The chart below shows the change in relative position behind the front running team of 2011 and 2012’s qualifying session in terms of relative lap time. In this case, the team’s pace is determined from the average of each driver’s best lap time. The latter point is important to note – for example, Kamui Kobayashi’s best lap time from Q1 this weekend would have been good enough to put him through to Q3 but his Q2 lap was poor in comparison. The result is that while both Sauber’s qualified behind Fernando Alonso, they were actually faster than Ferrari on average. In deference to Kimi Raikkonen’s misjudgement in Q1, I’ve also only used his team mate’s best lap to represent Lotus. Coincidentally, the team suffered a similar problem last year when Nick Heidfeld was late taking to the track and unable to set a competitive time and I therefore applied the same judgement.
Red Bull’s slip backwards and McLaren’s improvement to the front is clear, however it also shows that the majority of grid is closer to front, in terms of lap time at least, than they were twelve months ago. The exceptions are Red Bull and Ferrari although the latter haven’t quite dropped back as much as Red Bull as The Scuderia didn’t have a strong start in Melbourne last year either – possibly cause for some hope for fans of the team?
Of course, their grid position is a serious step backward and yet relying on that statistic alone fails to paint the whole picture. The graph below aims to illustrate that: Instead of the teams being placed in Championship order, they’re now positioned in the order they were ranked in each qualifying session. Therefore, you can easily see McLaren’s climb from second best team to the front, and Red Bull’s slide in the other direction down to fourth overall.
Now you start to see why Ferrari’s slight fall back from the front running team has seen them fall behind all but the “new” teams on average pace – the issue isn’t just how much lap time they’ve lost but how much everyone else has gained. This is best summed up by Sauber who are nearer the front in terms of pace than last year, and yet find themselves further down the grid order.
The graph also illustrates how paddock opinion that the front of the grid is close this year is actually born out. It might not appear that way with McLaren locking out the front row but compared with the 2011, there are now three teams right on McLaren’s tail.
It’s only an approximate picture of course.
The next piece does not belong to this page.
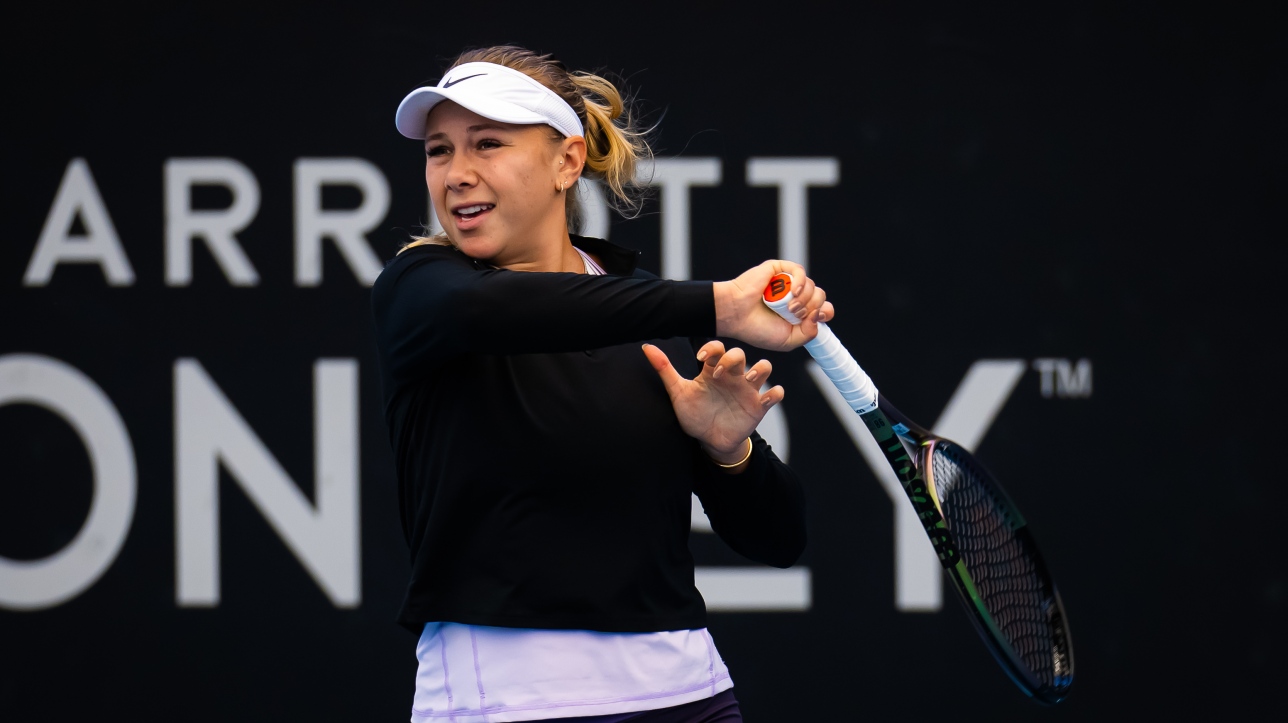 WTA Amanda Anisimova triomphe au premier tour au tournoi d'Adélaïde RDS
Fernando Alonso could have gone faster if he’d not spun off, Paul di Resta was unhappy about traffic but it reveals more than simply looking at how far down the grid Sauber, for example, are starting. However, what about Caterham, Marussia and HRT?
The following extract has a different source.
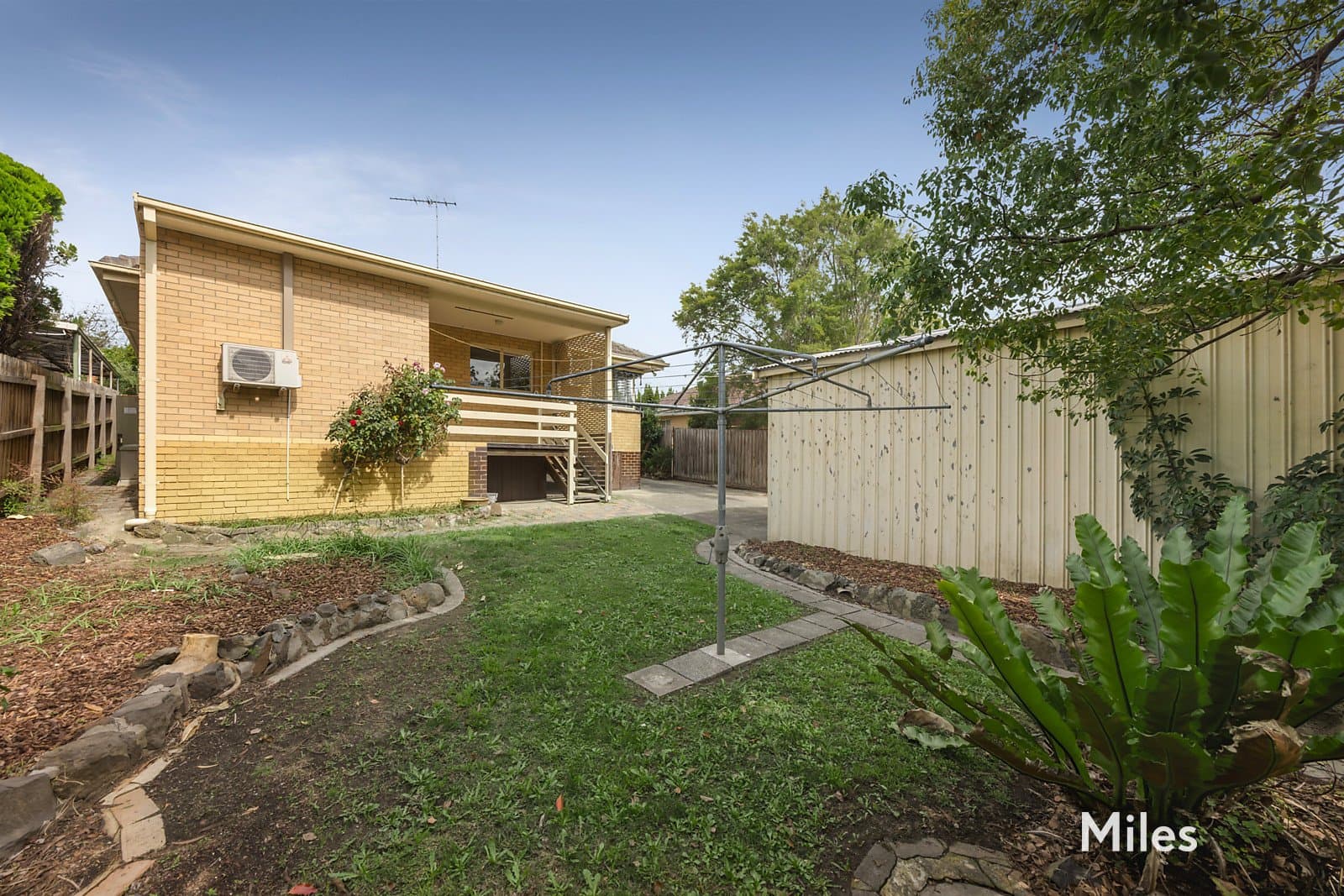 84 Sainsbury Avenue, Greensborough, Greensborough - Thumbnail 2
For clarity of the previous graphs, I separated out the (really-should-stop-calling-them-by-now) new teams. On the face of it, Caterham have failed to close up on the midfield as they once again took their now customary 19th and 20th qualifying positions. And yet, they have made significant gains towards the front of the grid – the largest step forward of all the teams in fact. Unfortunately, like Ferrari, they’ve fallen victim to the improvement of everyone else.
Disappointingly, Marussia have made marginal improvement. However, HRT is more interesting. For the second year running, the Spanish outfit failed to make the 107% cut-off point and therefore failed to qualify for the race. However, they are at least not as bad as they were a year ago, and only Caterham and Mercedes have gained more ground. Once they get running, that could be a cause of worry for Marussia.
Overall, Red Bull and Ferrari seem like the big losers. Then, that maybe should not be so surprising in the case of Red Bull as with the best developed exhaust blown diffuser system at the start of 2011, they have probably lost out the most with its banning – although McLaren appear to have recovered some of that loss. Ferrari, on the other hand, appear to have been a victim of their own decision-making and yet small improvements could see them catapult up the grid.
Unfortunately, for me, perhaps the most disappointing is Sauber. With no exhaust blown diffuser developed last year, they were confident of being able to make up lost ground on the front of the field. So far, the gains have been marginal compared with their closest rivals.
However, that’s all qualifying pace and it doesn’t tell all the story. Race pace may rank differently and by the time the European leg gets underway, many of these problems may have been remedied with the rush of upgrades.